Лена, застигнутая врасплох, замерла, и смотрела куда-то мимо мамы вглубь коридора. И тут мама увидела всю картину целиком.
– Детка, это что за хохломская роспись здесь?
Девочка, замерев и потупив взгляд в стол, надула губки и продолжала стоически молчать. Она ещё не решила, рассердиться ей или заплакать…

Мама, конечно, любила свою дочку, и, увидев растерянность и испуг ребёнка, продолжила более ровным и спокойным голосом:
– Ленка… Ну, что ты придумала? Ты зачем самовару маникюр делаешь?
– Ах, мама, ну как ты не понимаешь! – Тут же перейдя в атаку, оживилась и подняла глаза на мать Лена.  - Ведь, скоро праздник, так?!
– Так…
– И мы все будем красивые, так?
– Таак…- уже начала улавливать детский ход рассуждений мама.
– И самовар наш будет тоже самый красивый, мамочка! Ну, посмотри, какие ножки у него – как твои пальчики – красивые!

Дочка развернулась на стуле к маме, как бы открывая ещё более широкий обзор на её произведение искусства – самовар на лакированных ножках, и смотрела на неё умоляюще и с надеждой.

– Хорошо… Самовар красивый… Но, знаешь, мне не нравится, когда без спросу берут мои вещи.

– Маам… Я нечаянно забыла спросить… Я просто не успела, - с лёгким вызовом протараторила девчушка. - Я больше не буду. Только самовар докрашу, мам, можно? И больше не буду, чесслово!

– Эх, Ленка… А меня в салон красоты примешь? Ну, ладно, договорились… Закончишь с самоваром, поставишь лак на место!

– Да, мамочка! Да-да, салон красоты! – Лена снова оперлась о стол, пододвинула поближе самовар,   развернула его к себе третьей ножкой, и приступила к работе.
– Красота требует жертв, - бубнила она про себя, но мама, теперь не сдерживающая широкой улыбки, уже вышла из кухни. 


*Чашка вторая*

Город за запыленным окном жил своей суетливой жизнью. Высокое дневное солнце обыгрывало робкие облака, и резко выделяло двухуровневую развязку, переводящую мост через реку в ранг центральной улицы. Дорога, заполненная «Жигулями», «Москвичами», «Волгами», чешскими троллейбусами  и редкими немецкими легковушками добавляла суеты и шума, но, всё же, не была столь чужеродной в этом окне. Шутка ли, за последние три десятка лет каждый день Елены Васильевны начинался со взгляда в это окно.  Поэтому недавно отстроенный мост означал не только рост и развитие города, но и взросление и перемены для неё самой.

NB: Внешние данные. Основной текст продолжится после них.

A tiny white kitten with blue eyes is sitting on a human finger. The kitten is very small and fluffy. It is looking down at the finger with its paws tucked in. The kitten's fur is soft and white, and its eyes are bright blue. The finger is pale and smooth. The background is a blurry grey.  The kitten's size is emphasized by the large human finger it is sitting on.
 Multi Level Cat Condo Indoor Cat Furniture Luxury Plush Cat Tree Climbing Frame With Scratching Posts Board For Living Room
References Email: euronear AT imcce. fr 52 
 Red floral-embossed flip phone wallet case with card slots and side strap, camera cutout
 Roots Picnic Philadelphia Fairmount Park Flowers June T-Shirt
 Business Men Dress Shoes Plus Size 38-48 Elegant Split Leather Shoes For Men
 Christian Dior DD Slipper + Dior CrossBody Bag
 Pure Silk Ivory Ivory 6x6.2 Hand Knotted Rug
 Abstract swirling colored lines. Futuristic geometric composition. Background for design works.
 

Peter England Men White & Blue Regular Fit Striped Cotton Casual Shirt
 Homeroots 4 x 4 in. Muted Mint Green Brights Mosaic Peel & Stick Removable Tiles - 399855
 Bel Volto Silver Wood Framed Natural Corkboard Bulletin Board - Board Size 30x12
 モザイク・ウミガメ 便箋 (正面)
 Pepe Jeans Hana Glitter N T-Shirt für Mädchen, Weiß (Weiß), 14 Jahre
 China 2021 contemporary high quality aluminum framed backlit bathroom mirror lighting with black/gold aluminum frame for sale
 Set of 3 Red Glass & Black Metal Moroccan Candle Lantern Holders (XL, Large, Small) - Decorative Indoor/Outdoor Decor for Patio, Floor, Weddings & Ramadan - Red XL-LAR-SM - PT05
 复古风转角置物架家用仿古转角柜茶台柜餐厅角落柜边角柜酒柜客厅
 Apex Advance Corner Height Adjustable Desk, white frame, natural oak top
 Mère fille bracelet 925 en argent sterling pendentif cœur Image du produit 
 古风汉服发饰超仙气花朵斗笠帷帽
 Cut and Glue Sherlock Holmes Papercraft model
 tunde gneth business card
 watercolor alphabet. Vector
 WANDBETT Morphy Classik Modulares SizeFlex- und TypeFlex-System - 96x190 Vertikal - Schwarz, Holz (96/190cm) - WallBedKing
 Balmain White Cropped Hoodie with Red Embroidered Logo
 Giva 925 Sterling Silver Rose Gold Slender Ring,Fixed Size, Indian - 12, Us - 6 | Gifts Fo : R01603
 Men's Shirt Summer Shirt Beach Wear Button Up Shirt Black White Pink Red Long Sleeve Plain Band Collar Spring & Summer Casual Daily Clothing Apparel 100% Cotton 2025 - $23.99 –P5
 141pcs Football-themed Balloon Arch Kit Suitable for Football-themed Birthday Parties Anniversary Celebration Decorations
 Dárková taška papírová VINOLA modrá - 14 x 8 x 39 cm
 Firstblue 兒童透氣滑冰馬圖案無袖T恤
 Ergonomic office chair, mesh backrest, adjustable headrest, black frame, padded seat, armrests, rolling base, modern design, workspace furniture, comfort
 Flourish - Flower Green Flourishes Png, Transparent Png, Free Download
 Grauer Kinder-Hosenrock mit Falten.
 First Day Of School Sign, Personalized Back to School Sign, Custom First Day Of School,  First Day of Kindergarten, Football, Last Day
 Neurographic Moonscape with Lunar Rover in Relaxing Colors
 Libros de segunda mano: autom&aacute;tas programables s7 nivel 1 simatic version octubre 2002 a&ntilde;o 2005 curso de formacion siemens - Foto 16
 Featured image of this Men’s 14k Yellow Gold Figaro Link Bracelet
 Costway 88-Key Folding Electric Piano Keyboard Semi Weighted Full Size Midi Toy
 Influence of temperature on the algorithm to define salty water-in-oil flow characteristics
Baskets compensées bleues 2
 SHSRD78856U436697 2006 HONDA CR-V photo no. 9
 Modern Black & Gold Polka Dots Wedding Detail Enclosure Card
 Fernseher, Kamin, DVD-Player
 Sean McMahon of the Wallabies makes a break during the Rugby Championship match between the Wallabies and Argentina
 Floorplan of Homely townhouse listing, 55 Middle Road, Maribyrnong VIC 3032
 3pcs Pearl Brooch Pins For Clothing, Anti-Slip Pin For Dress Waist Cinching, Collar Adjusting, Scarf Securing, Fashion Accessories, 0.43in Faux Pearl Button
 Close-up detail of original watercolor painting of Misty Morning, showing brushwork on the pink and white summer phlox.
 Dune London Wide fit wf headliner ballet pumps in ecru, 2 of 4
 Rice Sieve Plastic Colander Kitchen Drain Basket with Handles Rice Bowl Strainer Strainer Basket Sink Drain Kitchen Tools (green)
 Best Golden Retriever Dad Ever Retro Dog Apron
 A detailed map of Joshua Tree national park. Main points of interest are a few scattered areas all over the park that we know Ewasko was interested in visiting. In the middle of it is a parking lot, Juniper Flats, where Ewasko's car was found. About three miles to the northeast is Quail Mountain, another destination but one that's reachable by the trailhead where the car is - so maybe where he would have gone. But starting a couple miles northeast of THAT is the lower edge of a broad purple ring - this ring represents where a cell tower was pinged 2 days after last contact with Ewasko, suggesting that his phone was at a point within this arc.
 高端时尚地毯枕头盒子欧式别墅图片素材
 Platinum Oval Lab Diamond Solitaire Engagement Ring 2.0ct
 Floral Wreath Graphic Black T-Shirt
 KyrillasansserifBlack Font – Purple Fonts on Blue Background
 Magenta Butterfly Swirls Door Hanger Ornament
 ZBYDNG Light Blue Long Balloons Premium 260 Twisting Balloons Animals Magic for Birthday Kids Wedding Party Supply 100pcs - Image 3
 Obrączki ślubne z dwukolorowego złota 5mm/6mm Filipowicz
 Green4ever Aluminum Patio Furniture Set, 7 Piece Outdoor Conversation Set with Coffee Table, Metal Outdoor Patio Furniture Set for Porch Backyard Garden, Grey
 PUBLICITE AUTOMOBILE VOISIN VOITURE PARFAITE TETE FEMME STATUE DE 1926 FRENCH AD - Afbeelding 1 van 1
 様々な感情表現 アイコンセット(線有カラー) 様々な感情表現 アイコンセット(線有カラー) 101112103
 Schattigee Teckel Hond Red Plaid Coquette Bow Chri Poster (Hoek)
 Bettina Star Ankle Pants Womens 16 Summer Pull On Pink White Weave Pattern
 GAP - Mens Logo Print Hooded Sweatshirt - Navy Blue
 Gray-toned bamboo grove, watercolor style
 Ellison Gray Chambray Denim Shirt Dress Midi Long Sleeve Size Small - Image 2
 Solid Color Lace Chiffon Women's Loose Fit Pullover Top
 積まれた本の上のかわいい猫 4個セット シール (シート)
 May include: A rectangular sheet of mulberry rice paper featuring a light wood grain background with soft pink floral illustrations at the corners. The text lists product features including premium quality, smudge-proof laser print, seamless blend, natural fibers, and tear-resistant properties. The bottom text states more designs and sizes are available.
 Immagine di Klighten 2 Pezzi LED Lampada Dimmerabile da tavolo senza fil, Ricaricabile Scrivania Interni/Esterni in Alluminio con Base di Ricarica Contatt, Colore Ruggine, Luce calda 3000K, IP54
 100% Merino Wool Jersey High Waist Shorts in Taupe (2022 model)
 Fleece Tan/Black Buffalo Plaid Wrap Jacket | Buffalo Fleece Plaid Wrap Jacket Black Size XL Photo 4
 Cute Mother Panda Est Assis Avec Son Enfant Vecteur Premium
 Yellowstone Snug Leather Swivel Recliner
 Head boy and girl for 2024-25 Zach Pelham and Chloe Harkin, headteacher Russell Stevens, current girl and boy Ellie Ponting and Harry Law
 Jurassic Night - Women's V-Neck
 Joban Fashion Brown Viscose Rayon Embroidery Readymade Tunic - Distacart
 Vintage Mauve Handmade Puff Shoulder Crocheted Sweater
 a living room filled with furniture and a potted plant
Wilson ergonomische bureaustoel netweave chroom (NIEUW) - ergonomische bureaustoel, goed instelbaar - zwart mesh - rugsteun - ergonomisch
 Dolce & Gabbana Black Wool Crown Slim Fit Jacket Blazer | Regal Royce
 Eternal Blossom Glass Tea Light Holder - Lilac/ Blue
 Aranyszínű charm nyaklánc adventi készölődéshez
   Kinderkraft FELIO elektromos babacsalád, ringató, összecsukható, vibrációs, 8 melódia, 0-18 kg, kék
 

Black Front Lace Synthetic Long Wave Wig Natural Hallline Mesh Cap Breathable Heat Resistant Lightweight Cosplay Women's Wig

Вот и сейчас женщина, одетая в джинсовую юбку и темные колготки, стояла возле окна, задумчиво глядела на улицу и машинально поправляла большой ворот ниспадающего свитера-пуловера.

– Хозяйка, это тоже везём? – голос заставил Елену встрепенуться и вернуться к происходящему в комнате. Больше в это окно она никогда не смотрела.

Рабочие выносили вещи из квартиры. Жильцы переезжали.. Мебели уже не было. Лишь голые неуютные стены, пыль по углам, старые газеты, да пара пустых картонных коробок. Голос – эхом от осиротевших стен. В одном углу были свалены вещи – какие-то плоские диванные подушки, детский стульчик, старая одежда, обувные коробки. Поверх всего этого небрежно лежал самовар.
Двое грузчиков уже вынесли за дверь комод, а третий стоял у дверей в ожидании инструкций.
– Я говорю, это тоже грузить? – переспросил рабочий в сером комбинезоне, указывая на оставленное на полу барахло.
– А? – Очнулась женщина от раздумий, - Нет, это не надо. Это пусть остаётся.
Грузчики исчезли за дверью.
– Хотя...
Елена Васильевна подошла к куче вещей, подняла самовар, осмотрела его. Поискала в мутной стенке свое отражение и погладила лакированные ножки, явно собираясь забрать с собой.

– Ну что, Ленк, вроде всё собрали? – в дверях нарисовался её муж в распахнутой джинсовой куртке.

Елена кивнула головой, и тут же слегка пожала плечами.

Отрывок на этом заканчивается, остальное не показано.